Viewed at the Festival de Cannes 2010
Protektor was the Czech Republic's official submission to 82nd Academy Award's Foreign Language in 2010. It didn't win.
Okay, if you want to know the plot go read the IMDb summary, that's what it's for. But if you can't be bothered: Czech radio journalist Emil starts to collaborate with the Nazis to protect his Jewish actress wife, Vera.
But Protektor is no Schindler's List and on the scale of Holocaust-themed films it comes way down, being essentially a relationship drama. His career takes off and hers, well, is over and if she's not careful, so is her life. But the unforgivable flaw with the film is that there is no tension here, no atmosphere. Everything unfurls in a drawn out and typically central European narrative manner. The film is simply flat and dull.

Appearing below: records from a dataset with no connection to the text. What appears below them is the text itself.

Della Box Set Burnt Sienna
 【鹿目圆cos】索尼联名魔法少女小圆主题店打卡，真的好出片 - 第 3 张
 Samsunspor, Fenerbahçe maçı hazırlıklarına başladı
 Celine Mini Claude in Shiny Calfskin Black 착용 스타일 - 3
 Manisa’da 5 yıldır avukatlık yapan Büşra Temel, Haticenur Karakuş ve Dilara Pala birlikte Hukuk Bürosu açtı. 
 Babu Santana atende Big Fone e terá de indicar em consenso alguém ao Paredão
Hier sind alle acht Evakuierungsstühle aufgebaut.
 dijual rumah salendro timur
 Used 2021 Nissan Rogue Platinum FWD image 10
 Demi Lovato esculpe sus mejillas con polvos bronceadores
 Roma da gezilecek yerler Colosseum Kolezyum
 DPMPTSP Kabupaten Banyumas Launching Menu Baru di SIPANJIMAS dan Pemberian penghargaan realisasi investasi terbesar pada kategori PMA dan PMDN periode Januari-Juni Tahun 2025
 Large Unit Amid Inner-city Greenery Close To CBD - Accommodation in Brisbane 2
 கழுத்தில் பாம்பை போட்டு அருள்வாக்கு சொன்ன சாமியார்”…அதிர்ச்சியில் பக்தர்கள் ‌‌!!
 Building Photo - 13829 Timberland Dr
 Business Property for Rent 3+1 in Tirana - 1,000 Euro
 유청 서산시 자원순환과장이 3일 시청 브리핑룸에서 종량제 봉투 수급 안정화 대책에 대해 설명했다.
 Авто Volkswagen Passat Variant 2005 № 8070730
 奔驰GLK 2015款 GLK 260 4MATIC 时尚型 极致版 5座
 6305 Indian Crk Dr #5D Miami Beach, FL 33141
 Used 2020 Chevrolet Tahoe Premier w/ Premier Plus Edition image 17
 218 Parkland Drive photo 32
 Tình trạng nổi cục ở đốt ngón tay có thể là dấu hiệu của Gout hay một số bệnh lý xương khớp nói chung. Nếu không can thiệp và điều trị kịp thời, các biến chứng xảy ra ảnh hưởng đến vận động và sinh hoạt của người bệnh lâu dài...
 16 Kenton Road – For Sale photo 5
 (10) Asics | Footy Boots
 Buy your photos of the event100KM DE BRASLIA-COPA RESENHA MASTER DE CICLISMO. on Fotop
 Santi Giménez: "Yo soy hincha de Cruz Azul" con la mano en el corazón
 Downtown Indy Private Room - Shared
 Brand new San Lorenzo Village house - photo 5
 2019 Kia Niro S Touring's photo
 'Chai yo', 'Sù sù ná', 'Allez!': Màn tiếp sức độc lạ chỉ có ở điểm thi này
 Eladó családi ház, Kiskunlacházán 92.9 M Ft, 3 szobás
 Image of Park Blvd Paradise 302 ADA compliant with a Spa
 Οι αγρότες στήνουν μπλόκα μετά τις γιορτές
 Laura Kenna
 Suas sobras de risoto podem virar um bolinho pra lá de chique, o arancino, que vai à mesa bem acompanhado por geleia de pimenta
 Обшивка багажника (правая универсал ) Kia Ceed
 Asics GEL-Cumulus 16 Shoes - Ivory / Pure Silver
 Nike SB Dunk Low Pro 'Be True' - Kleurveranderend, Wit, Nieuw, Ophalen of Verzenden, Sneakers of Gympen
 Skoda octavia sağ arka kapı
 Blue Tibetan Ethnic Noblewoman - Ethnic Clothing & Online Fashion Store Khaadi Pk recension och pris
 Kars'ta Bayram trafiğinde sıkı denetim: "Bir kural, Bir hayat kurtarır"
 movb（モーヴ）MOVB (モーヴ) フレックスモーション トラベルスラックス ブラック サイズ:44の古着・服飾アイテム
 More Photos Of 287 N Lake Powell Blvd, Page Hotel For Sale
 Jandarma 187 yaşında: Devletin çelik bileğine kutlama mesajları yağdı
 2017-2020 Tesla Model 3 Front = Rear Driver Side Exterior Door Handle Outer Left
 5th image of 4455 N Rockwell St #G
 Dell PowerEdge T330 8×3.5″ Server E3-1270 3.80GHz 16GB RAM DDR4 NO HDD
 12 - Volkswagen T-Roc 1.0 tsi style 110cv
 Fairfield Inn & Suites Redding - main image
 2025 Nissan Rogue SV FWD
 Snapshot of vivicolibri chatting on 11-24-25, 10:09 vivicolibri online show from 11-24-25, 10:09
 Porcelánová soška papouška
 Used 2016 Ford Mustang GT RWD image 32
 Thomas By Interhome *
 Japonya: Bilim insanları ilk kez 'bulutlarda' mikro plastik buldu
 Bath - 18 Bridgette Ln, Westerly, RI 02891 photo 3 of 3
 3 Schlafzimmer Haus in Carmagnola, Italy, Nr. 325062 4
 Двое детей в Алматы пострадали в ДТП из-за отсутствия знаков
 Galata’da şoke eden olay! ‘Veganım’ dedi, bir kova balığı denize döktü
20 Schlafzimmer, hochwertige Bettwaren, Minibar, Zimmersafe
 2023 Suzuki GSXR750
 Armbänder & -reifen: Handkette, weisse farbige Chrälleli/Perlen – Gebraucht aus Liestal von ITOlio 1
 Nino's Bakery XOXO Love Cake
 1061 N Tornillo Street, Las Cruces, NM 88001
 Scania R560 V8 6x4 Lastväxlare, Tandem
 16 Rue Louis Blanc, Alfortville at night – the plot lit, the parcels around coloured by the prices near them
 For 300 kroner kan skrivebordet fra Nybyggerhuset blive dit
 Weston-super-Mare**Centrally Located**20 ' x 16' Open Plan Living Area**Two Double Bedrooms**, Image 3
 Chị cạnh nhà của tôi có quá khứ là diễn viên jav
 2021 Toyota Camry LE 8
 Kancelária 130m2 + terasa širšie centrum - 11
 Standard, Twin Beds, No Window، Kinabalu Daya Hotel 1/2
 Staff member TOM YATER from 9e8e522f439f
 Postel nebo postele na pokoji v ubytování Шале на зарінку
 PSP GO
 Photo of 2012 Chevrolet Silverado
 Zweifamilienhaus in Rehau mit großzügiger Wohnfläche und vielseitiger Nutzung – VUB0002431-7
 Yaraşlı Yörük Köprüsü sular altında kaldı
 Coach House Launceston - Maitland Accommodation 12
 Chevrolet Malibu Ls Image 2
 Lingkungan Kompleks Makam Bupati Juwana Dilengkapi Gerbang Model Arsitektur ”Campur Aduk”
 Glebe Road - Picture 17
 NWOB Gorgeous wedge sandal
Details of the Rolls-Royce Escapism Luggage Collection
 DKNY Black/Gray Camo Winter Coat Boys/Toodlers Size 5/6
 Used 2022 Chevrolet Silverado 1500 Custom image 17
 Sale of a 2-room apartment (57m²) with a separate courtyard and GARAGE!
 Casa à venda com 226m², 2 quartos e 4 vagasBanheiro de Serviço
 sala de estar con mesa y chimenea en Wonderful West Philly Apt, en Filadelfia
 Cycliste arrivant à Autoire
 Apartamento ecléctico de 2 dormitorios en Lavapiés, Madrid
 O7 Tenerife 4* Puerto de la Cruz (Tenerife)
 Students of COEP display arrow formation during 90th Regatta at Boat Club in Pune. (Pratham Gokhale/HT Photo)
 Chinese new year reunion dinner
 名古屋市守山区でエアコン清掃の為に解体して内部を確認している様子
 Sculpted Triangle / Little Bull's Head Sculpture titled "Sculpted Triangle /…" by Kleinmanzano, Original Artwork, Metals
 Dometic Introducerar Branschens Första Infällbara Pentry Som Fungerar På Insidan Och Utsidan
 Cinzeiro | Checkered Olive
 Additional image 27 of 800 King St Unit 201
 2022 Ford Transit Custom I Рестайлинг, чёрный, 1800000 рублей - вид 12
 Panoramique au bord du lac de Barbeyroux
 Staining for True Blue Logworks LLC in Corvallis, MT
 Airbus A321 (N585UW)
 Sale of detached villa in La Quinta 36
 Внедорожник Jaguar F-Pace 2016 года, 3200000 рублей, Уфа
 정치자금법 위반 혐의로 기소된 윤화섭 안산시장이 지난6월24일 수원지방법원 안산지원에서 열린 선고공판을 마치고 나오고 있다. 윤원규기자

To make matters worse is the character of Vera, who is, quite simply, a preening and self- obsessed egomaniac. Don't think for a moment I'm saying she deserves what she gets because she is Jewish. But she does deserve everything she gets she embarks, among other things, on a highly visible and dangerous affair and then adopts on a course of behaviour that is quite literally suicidal. It is impossible to like or even sympathise with such an unpleasant individual.
Protektor wants to examine how people react under such circumstances but it fails with Emil too. The character is never properly defined. Does the film wish to say that many people also drifted into collaboration as opposed to embracing the enemy with love at first sight? I suppose so, but the director busks around the subject in such a way that his intent is never clear.
Visually, in terms of sets and costumes, camera-work and lighting, Protektor looks great. But unless you're a completist or fan of Central European cinema, or just want to see why the Czech Republic didn't take home the Academy Award, there's no real reason to see this film.